When xarray is enabled, there is an internal thread-local cache used to hold the XLAT and XLONG coordinate variables, along with a boolean variable to remember if a particular file or sequence is from a moving nest. This is useful when working with sequences of WRF files, so that the XLAT and XLONG variables aren’t repeatedly extracted. This cache is limited to holding 20 items by default, where the key to each cache entry is the object ID for the file or sequence of files. In this particular example, a new file object is created for each iteration, which will have a new object ID, so the 20 cache spots are going to be filled up. Memory usage will be quite a bit higher for the xarray-enabled case, but the memory usage will eventually top off.

There is a function wrf.set_cache_size() that can be used to decrease the number of files/sequences in the cache. By setting the cache size to 0, the cache can be disabled completely.

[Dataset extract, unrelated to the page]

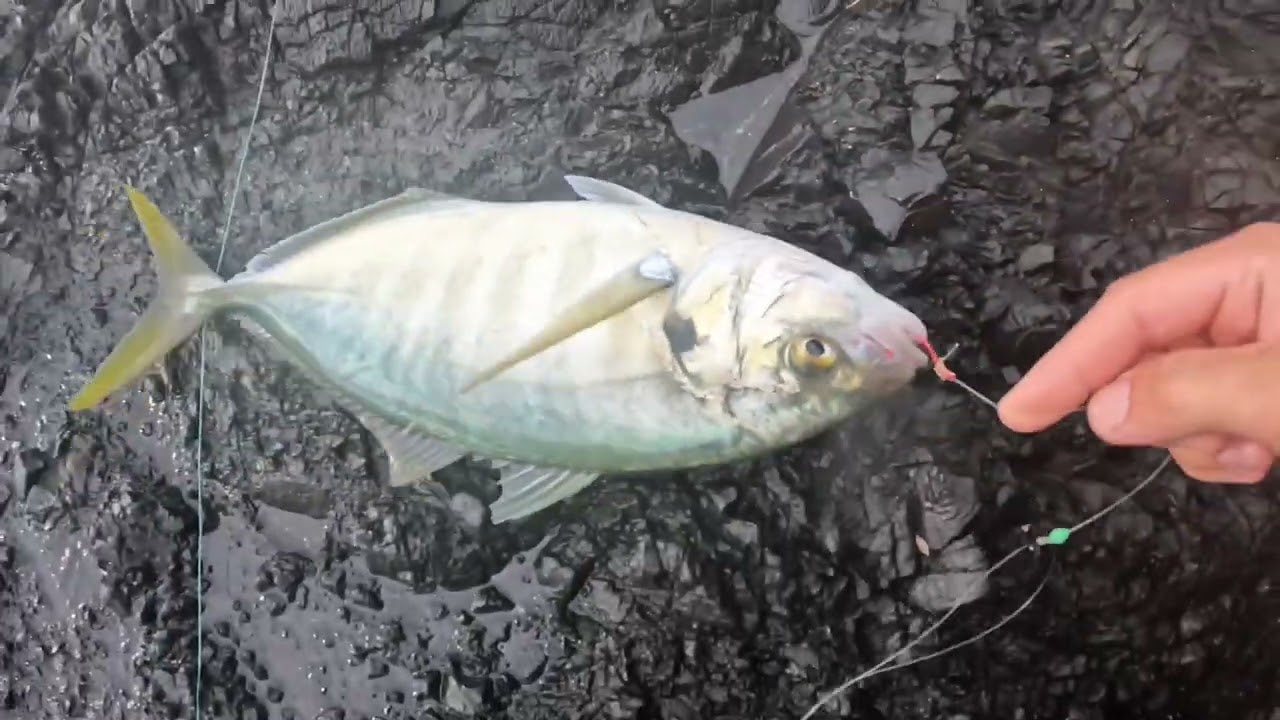 Whatipu Landbased Summer Fishing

Can I use xarray.Dataset as an input to the wrf-python functions?

Currently, wrf-python is designed to use the API for PyNIO and netCDF4-python, which differs from the xarray.Dataset API. However, there is an undocumented feature for Dataset objects that can be used as workaround. Each Dataset object has a xarray.Dataset._file_obj.ds attribute that can be used to obtain the underlying netCDF file object. Keep in mind that this is not in the public API for xarray, so it could break in a future release.

Here is an example:

import xarray
import wrf

ds = xarray.open_dataset(FILENAME)
slp = wrf.getvar(ds._file_obj.ds, "slp")

In a future release of wrf-python, direct support for Dataset objects will be added and this will no longer be necessary.

Why is wrf-python taking hours to run?

The most likely culprit is insufficient memory for the calculation you are trying to perform.

See Performance Tips for more information.